We also tie in with AFWERX; the Pitch Days to me are innovative. We’re going to be doing an AFMC internal pitch day where we can pitch our own good ideas, not just try to capitalize on what industry does or what venture capitalists are doing. So we’re trying to actually harness those good ideas to go forward.
Dr. Will Roper, Assistant Secretary of the Air Force for Acquisition, Technology and Logistics, welcomed event attendees during the Air Force Space Pitch Day, Nov. 5, 2019, San Francisco, Calif. Air Force Space Pitch Day is a two-day event demonstrating the department’s willingness and ability to work with non-traditional start-ups.
(U.S. Air Force photo by Van De Ha)
Airman magazine: With declining mission capable rates and an aging fleet with an average 28 years of service, what do these numbers mean and do MCRs equate to Air Force readiness rates?

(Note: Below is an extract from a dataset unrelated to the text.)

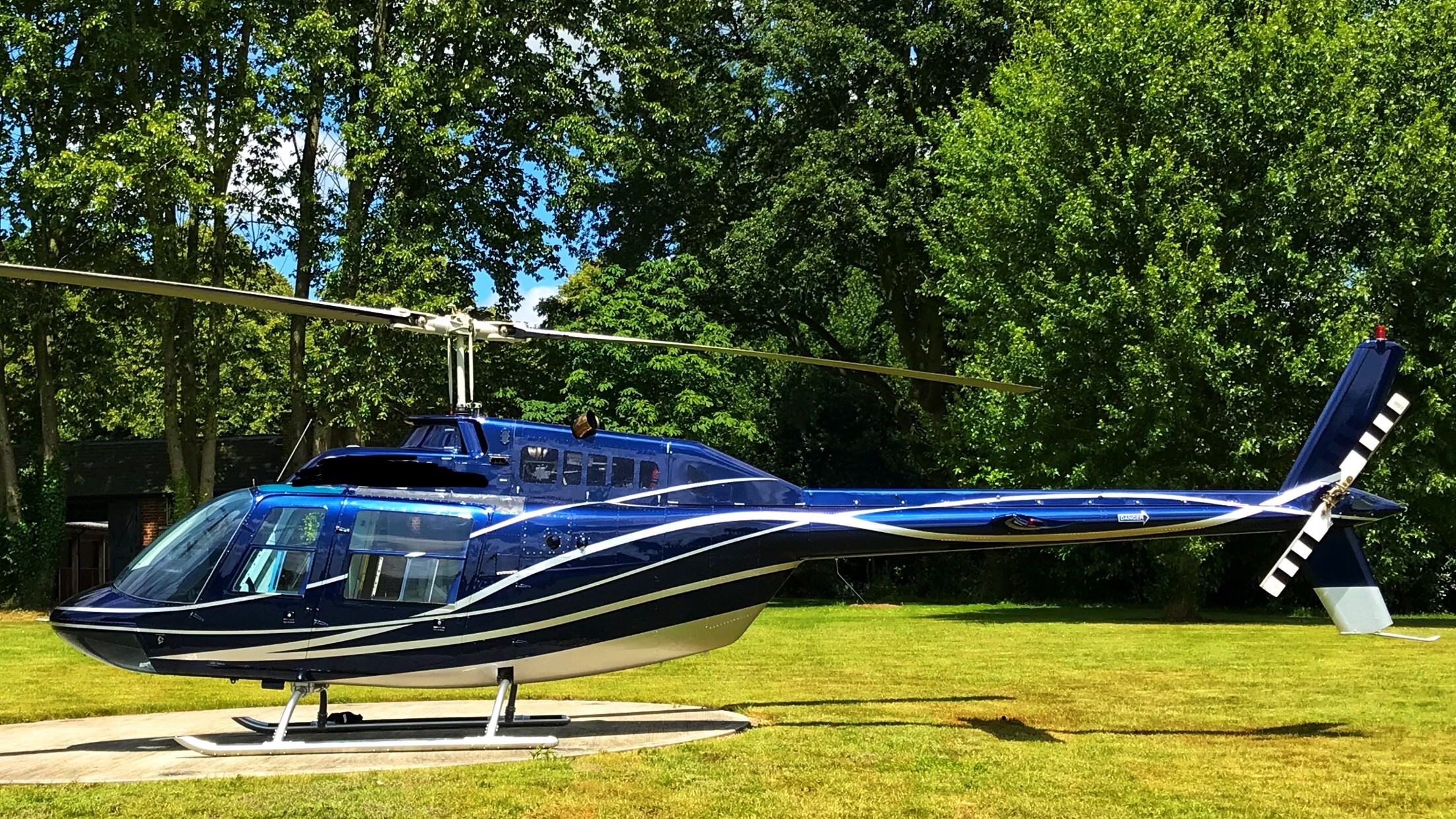 Bell 206 For Sale in England AvBuyer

Gen. Bunch: So readiness depends on where you sit as to what you believe the right metric is. The one we’re driving right now, we’re trying to increase, is aircraft availability. That’s one that we’re really focused on with our legacy fleets. And there are multiple factors that play into that. One of the things that we’re finding is, we have, in some cases, a shrinking industrial base. And that’s one that we’ve got to focus on to help grow that industrial base.
What we want to do is make sure that the people who are operating the systems have as much up time as they can so they’re as ready as possible to do their mission. That takes research. How would I go do this? It could take reverse engineering. How do I reverse engineer this component that there’s no longer a vendor for and create it? So we either build it ourselves or we put the drawings out to get it manufactured.
The fact we are flying aircraft as old as they are with the mission capable rates that we have today is because of the Airmen working in the Sustainment Center and the focus of our maintainers out on the line who can keep these legacy aircraft up and running.
At an average age of 28 years, the fact that we keep mobility aircraft taking off and landing, delivering supplies and equipment every two minutes is amazing work by a lot of different people. We’re ready, but we’ve got to continue to try to up that game and continue to try to improve.
An F-16 jet engine in max power during a test in the 576th Aircraft Maintenance Squadron’s hush house engine facility at Hill Air Force Base, Utah, June 5, 2019. The shop is responsible for performing organizational level maintenance on more than 200 engines per year. The shop’s maintenance tasks include engine inspections, external engine component removal and replacement, repairs, and troubleshooting during flight line and test cell operations.
(U.S. Air Force photo by Alex R. Lloyd)
Airman magazine: Can you identify some of the success stories throughout AFMC in new technologies like additive manufacturing, 3D printing and data analytics to improve readiness and decrease maintenance downtimes?
Gen. Bunch: We had a meeting last month where we were looking at engines. I’ll just use that as one example. We started looking at the performance of the engines over time and as we reviewed data and did the analytics, we started doing scheduled replacements of engines. So we could pull them off at the time that was of our choosing versus downtime required because the engine went too far.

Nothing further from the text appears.